Example 21. LazyCollectionOption.EXTRA mapping example
@Entity(name = "Department")
public static class Department {

    @Id
    private Long id;

    @OneToMany(mappedBy = "department", cascade = CascadeType.ALL)
    @OrderColumn(name = "order_id")
    @LazyCollection( LazyCollectionOption.EXTRA )
    private List<Employee> employees = new ArrayList<>();

    //Getters and setters omitted for brevity

}

@Entity(name = "Employee")
public static class Employee {

    @Id
    private Long id;

    @NaturalId
    private String username;

    @ManyToOne(fetch = FetchType.LAZY)
    private Department department;

    //Getters and setters omitted for brevity

}

LazyCollectionOption.EXTRA only works for ordered collections, either List(s) that are annotated with @OrderColumn or Map(s).

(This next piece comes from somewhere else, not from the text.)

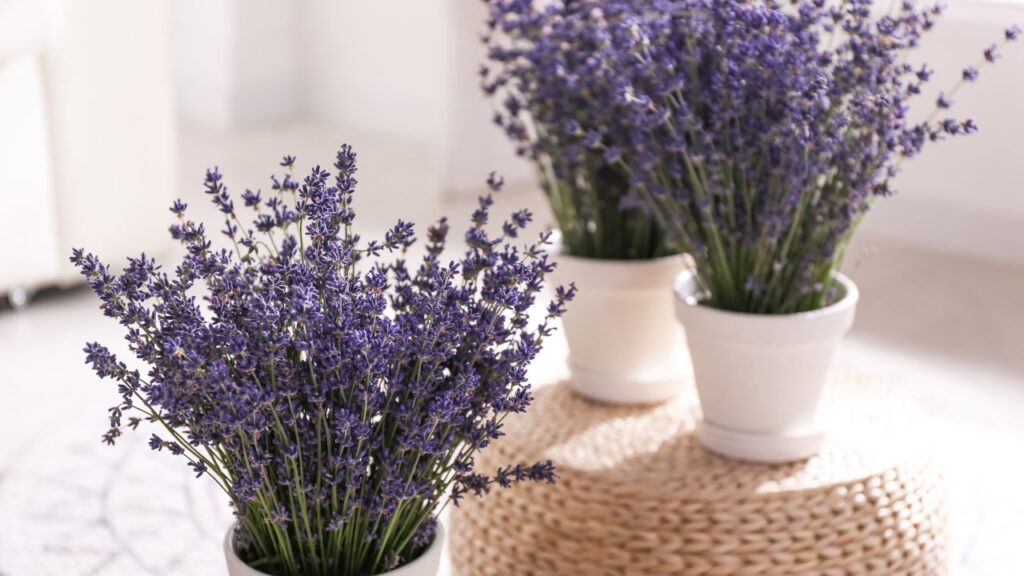 three potted indoor lavender plants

For bags (e.g. regular List(s) of entities that do not preserve any certain ordering), the @LazyCollection(LazyCollectionOption.EXTRA)` behaves like any other FetchType.LAZY collection (the collection is fetched entirely upon being accessed for the first time).

Now, considering we have the following entities:

Example 22. LazyCollectionOption.EXTRA Domain Model example
Department department = new Department();
department.setId( 1L );
entityManager.persist( department );

for (long i = 1; i <= 3; i++ ) {
    Employee employee = new Employee();
    employee.setId( i );
    employee.setUsername( String.format( "user_%d", i ) );
    department.addEmployee(employee);
}

When fetching the employee collection entries by their position in the List, Hibernate generates the following SQL statements:

Example 23. LazyCollectionOption.EXTRA fetching example
Department department = entityManager.find(Department.class, 1L);

int employeeCount = department.getEmployees().size();

for(int i = 0; i < employeeCount; i++ ) {
    log.infof( "Fetched employee: %s", department.getEmployees().get( i ).getUsername());
}
SELECT
    max(order_id) + 1
FROM
    Employee
WHERE
    department_id = ?

-- binding parameter [1] as [BIGINT] - [1]

SELECT
    e.id as id1_1_0_,
    e.department_id as departme3_1_0_,
    e.username as username2_1_0_
FROM
    Employee e
WHERE
    e.department_id=?
    AND e.order_id=?

-- binding parameter [1] as [BIGINT]  - [1]
-- binding parameter [2] as [INTEGER] - [0]

SELECT
    e.id as id1_1_0_,
    e.department_id as departme3_1_0_,
    e.username as username2_1_0_
FROM
    Employee e
WHERE
    e.department_id=?
    AND e.order_id=?

-- binding parameter [1] as [BIGINT]  - [1]
-- binding parameter [2] as [INTEGER] - [1]

SELECT
    e.id as id1_1_0_,
    e.department_id as departme3_1_0_,
    e.username as username2_1_0_
FROM
    Employee e
WHERE
    e.department_id=?
    AND e.order_id=?

-- binding parameter [1] as [BIGINT]  - [1]
-- binding parameter [2] as [INTEGER] - [2]

Therefore, the child entities were fetched one after the other without triggering a full collection initialization.

For this reason, caution is advised because LazyCollectionOption.EXTRA lazy collections are prone to N+1 query issues.